A judge in Texas who refused to perform weddings for same-sex couples has filed a lawsuit asking federal courts to overturn marriage equality.
Dianne Hensley filed the suit against the State Commission on Judicial Conduct on Friday, claiming that the 2015 ruling that legalized marriage equality nationally, Obergefell v. Hodges, is somehow unconstitutional. The lawsuit states, via The Texas Tribune, that "the federal judiciary has no authority to recognize or invent ‘fundamental’ constitutional rights."
Related: Meet the Texas Judge Who Refuses to Marry Same-Sex Couples
Hensley's lawyer, Jonathan Mitchell, acknowledged in the filing that federal courts do not have the authority to overturn marriage equality, but that they are hoping the case will get picked up by the U.S. Supreme Court.
Hensley stopped officiating weddings altogether in 2015 in response to Obergefell, as she said performing same-sex marriages would be incompatible with her conservative Christian faith.
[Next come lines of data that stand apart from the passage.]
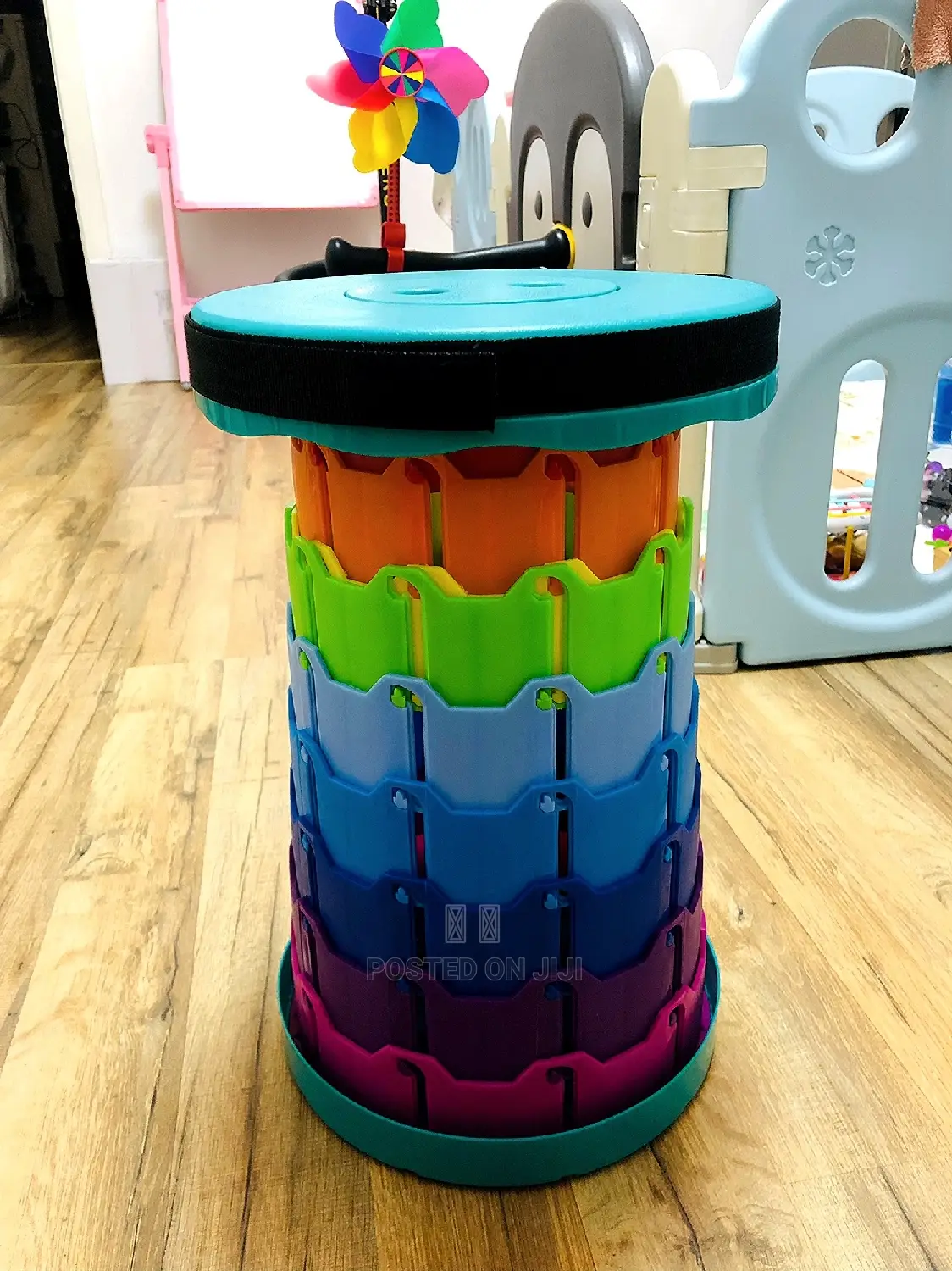 Rainbow Foldable/Retractable Stools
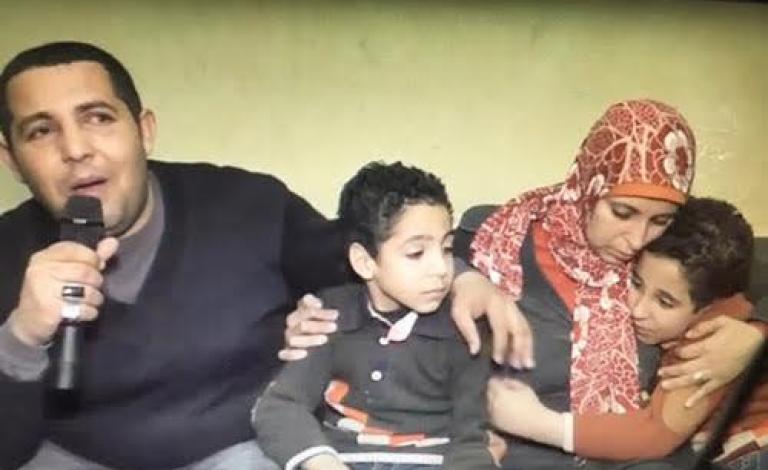 لم يجد لصّ ما يسرقه داخل عقار في عين شمس شرق العاصمة القاهرة، فقام بإيقاظ طفلين توأم من النوم وقرر اختطافهما، واتصل بوالدهما بعد أن تمكن من الهروب، وطلب فدية 200 ألف جنيه نظير إعادتهما.  وبعد مرور 10 ساعات على تلك الجريمة، تمكنت المباحث من القاء القبض على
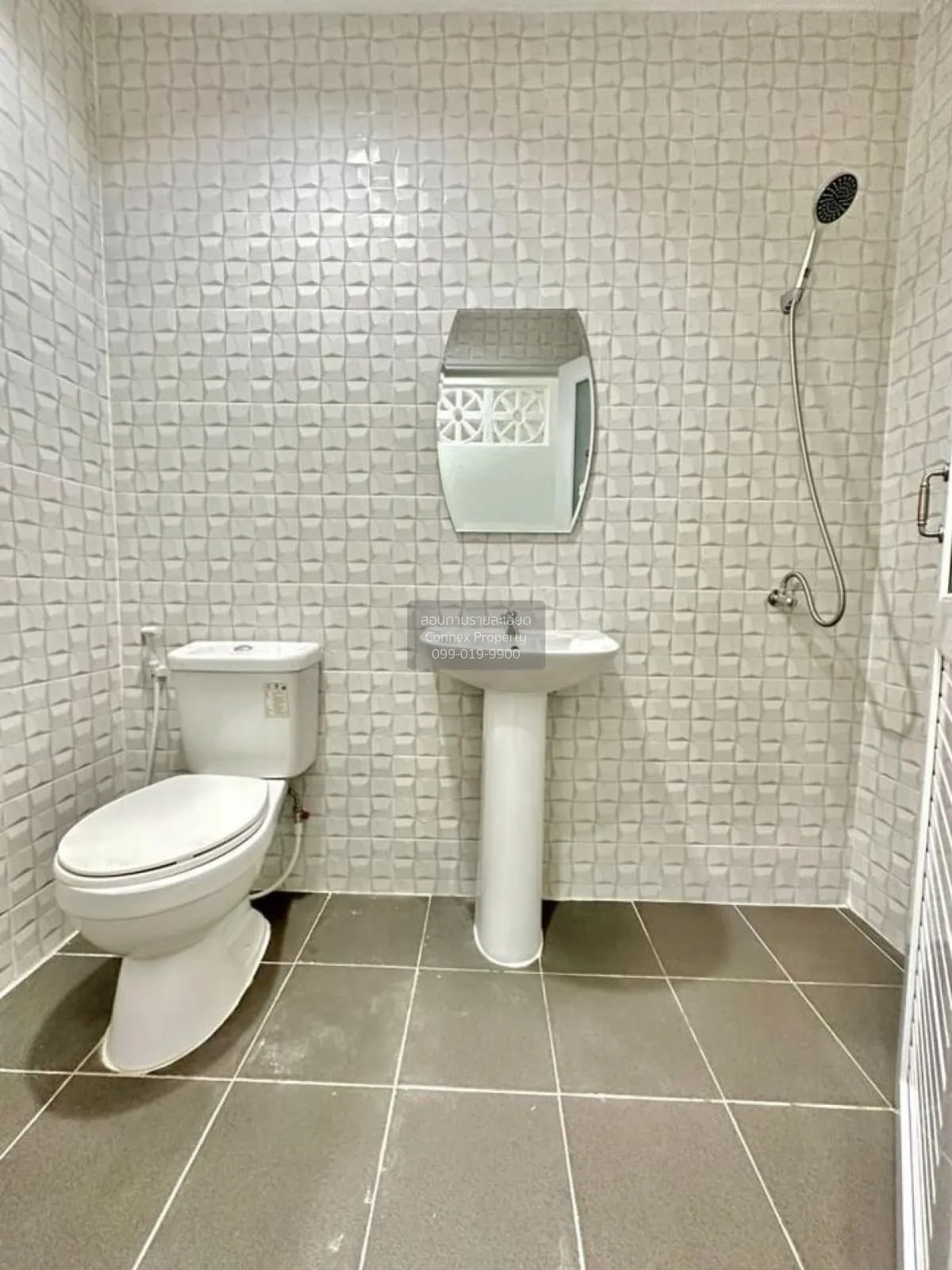 ขายทาวน์เฮ้าส์/ทาวน์โฮม  บ้านพิมลราช 4 ไทรน้อย ไทรน้อย นนทบุรี CX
She resumed performing marriages the next year for opposite-sex couples, while giving same-sex couples who came to her office a list of alternative officiants, some that were cities away.
The State Commission on Judicial Conduct began an investigation of her actions in 2018, which concluded the next year with the commission reprimanding her and putting out a warning that she might not be impartial when it came to matters of sexual orientation.
Hensley then filed a lawsuit against the commission, accusing it of violating her rights under Texas’s religious freedom law, and again stopped performing marriages. A trial court dismissed her suit, and the Texas Court of Appeals upheld that ruling in 2022, finding that the commission was acting within its rights and was shielded from lawsuits by sovereign immunity.
The Texas Supreme Court rewrote the code of conduct that Hensley was found to have violated in October, adding the single line, “It is not a violation of these canons for a judge to publicly refrain from performing a wedding ceremony based upon a sincerely held religious belief.” Under the rule, states judges can refuse to perform same-sex weddings.
Related: U.S. Supreme Court denies hearing in Kim Davis’s marriage equality challenge
The State Commission on Judicial Conduct responded in a December filing by stating that the rule does not give judges permission to continue performing opposite-sex weddings while refusing to marry same-sex couples. It wrote, “The comment only gives a judge the authority to ‘opt out’ of officiating due to a sincere religious belief, but does not say that a judge can, at the same time, welcome to her chambers heterosexual couples for whom she willingly offers to conduct marriage ceremonies."
Hensley's newest suit seeks to circumvent the legal battle entirely by overturning marriage equality. It is a similar case to that of Kim Davis, a county clerk in Kentucky who was sued by a same-sex couple for refusing to issue them marriage license. Davis appealed the verdict against her to the Supreme Court, and included in her filing a petition to overturn Obergefell, both of which the court refused to hear in November.